The current fish is checked to be within the specified boundaries. If yes, the calculated speed and position values are saved. If the fish has moved beyond the boundaries of the region along one of the axes, then the value of the velocity vector along this axis is multiplied by -1 to change the direction of motion:

agents[fishNum][currentStatesIndex].velocity = checkMapRange(mapSz,
               agents[fishNum][currentStatesIndex].position, agents[fishNum][currentStatesIndex].velocity);
               }, isSingleThread);

For each fish, collisions with world-static objects, like underwater rocks, should be detected, before new states are applied:

     for (int i = 0; i < cnt; i++) {

То detect collisions between fish and world-statiс objects:

            FHitResult hit(ForceInit);
            if (collisionDetected(agents[i][previousStatesIndex].position, agents[i][currentStatesIndex].position, hit)) {

If a collision is detected, then the previously calculated position should be undone.

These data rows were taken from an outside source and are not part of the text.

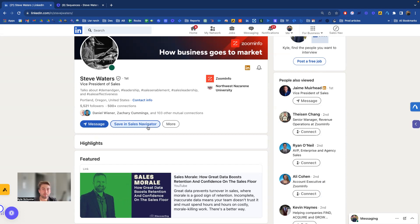Hi everyone, my name is Kyle. I'm one of the co-founders of Autobound. Today I'll be showing you how to use our Chrome extension in action.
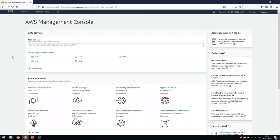Hello everyone and welcome back to the AWS RDS demo. I hope you have already seen the tutorial that we had for Amazon AWS RDS. If you haven't, please go and watch that before the demo, or if you just want to watch the demo then you can proceed further with this video.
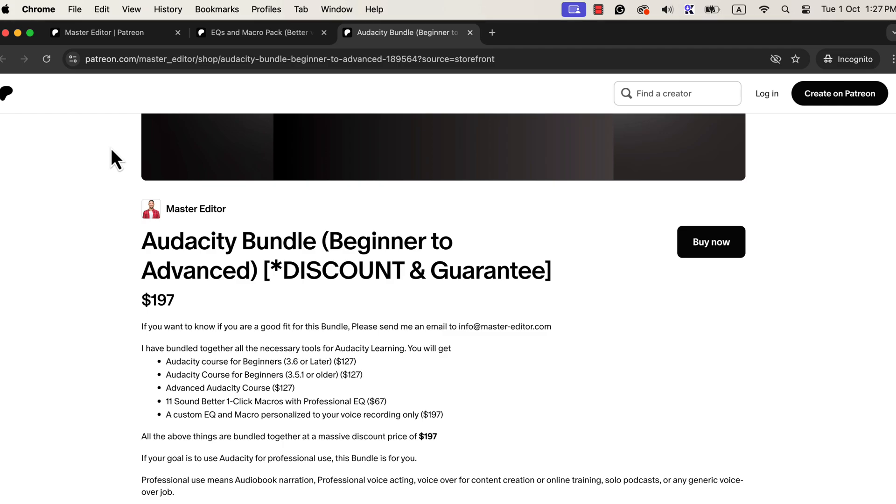If you previously purchased the macros, please send me an email and I will send you the updated version.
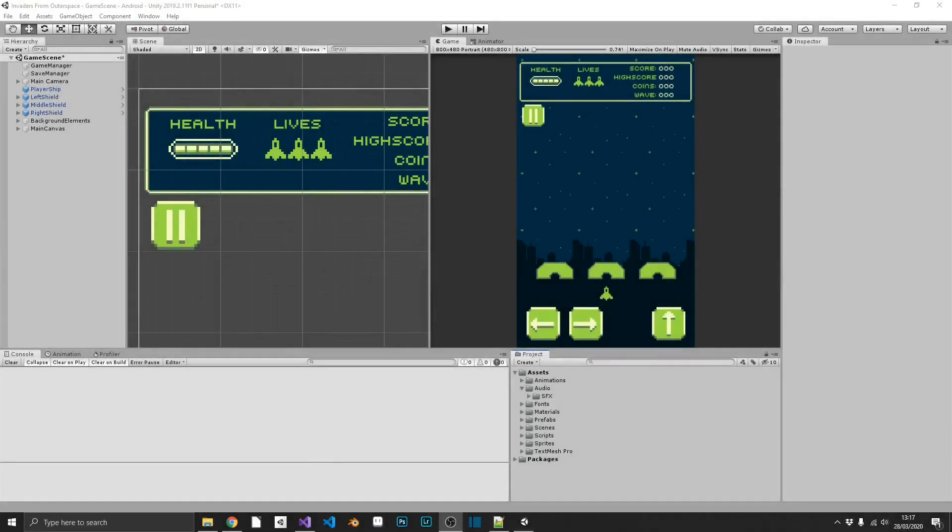Hi everyone, welcome back to the series. In the last episode, which I think was long enough to be a feature-length film, we decided to create all of our menus and add all that functionality. In this video we're going to get started with audio. The key thing we want to take away from this episode is a single audio master script responsible for controlling all of our audio.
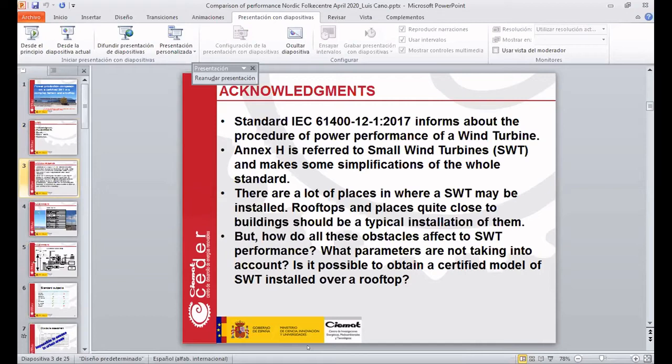The standard IEC 61412.1 describes how to measure the power performance of a wind turbine, and more specifically it refers to the small wind turbine procedure and makes some simplifications for the whole procedure.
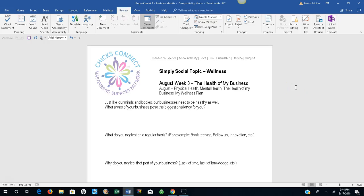Hi and welcome. It's Jules Muller, founder and CEO of Chicks Connect, and we are on August week three, focusing on the health of my business.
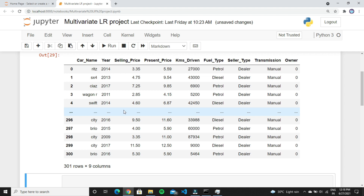Before starting the training process we have to do pre-processing techniques on our dataset. Pre-processing means cleaning your data — if unwanted columns are present that create no impact on your model, you can drop them. Here the car name is an unwanted feature, so we can drop that column. Two more unwanted columns are owner and present price, so we can drop those as well. We don't need present price because we are only tracking selling price.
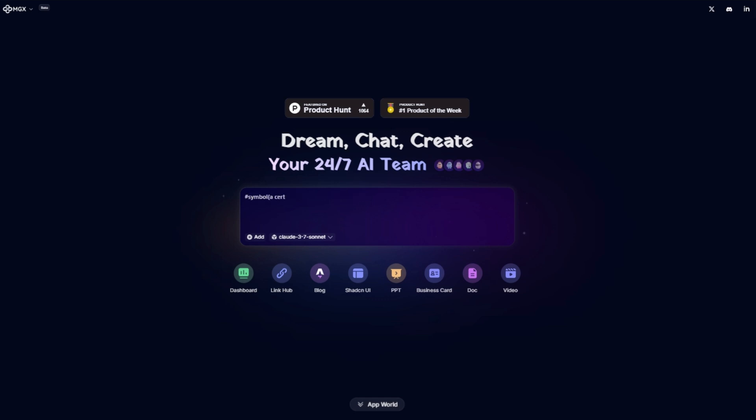MGX AI 2025, the ultimate coding sidekick? Let me show you why developers are losing their minds over MGX's real-time code rewriting.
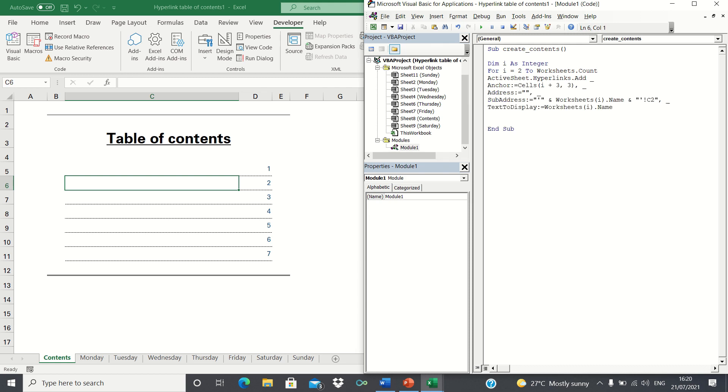Next, let's add the following line of code. In other words, we want to add the first hyperlink in row I plus 3 and column 3. For Monday, I is 2 and therefore the hyperlink will be added in row number 5 and column C.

The velocity vector should be changed to the opposite direction and the position recalculated:

                   agents[i][currentStatesIndex].position -= agents[i]  [currentStatesIndex].velocity * DeltaTime;
                   agents[i][currentStatesIndex].velocity *= -1.0; 
                   agents[i][currentStatesIndex].position += agents[i][currentStatesIndex].velocity * DeltaTime;  
            }
     }

Having calculated the new states of all fish, these updated states will be applied, and all fish will be moved to a new position:

for (int i = 0; i < cnt; i++) {  
           FTransform transform; 
            m_instancedStaticMeshComponent->GetInstanceTransform(agents[i][0]->instanceId, transform);

Set up a new position of the fish instance:

     transform.SetLocation(agents[i][0]->position);

Turn the fish head forward in the direction of movement:

     FVector direction = agents[i][0].velocity; 
     direction.Normalize();
     transform.SetRotation(FRotationMatrix::MakeFromX(direction).Rotator().Add(0.f, -90.f, 0.f).Quaternion());

Update instance transform:

            m_instancedStaticMeshComponent->UpdateInstanceTransform(agents[i][0].instanceId, transform, false, false);
     }

Redraw all the fish:

     m_instancedStaticMeshComponent->ReleasePerInstanceRenderData();

     m_instancedStaticMeshComponent->MarkRenderStateDirty();

Swap indexed fish states:

      swapFishStatesIndexes();

Complexity of the Algorithm: How Increasing the Number of Fish Affects Productivity

Suppose that the number of fish participating in the algorithm is N. To determine the new state of each fish, the distance to all the other fish must be calculated (not counting additional operations for determining the direction vectors for the three types of behavior). The initial complexity of the algorithm will be O(N2). For example, 1,000 fish will require 1,000,000 operations.

Figure 1

Figure 1: Computational operations for calculating the positions of all fish in a scene.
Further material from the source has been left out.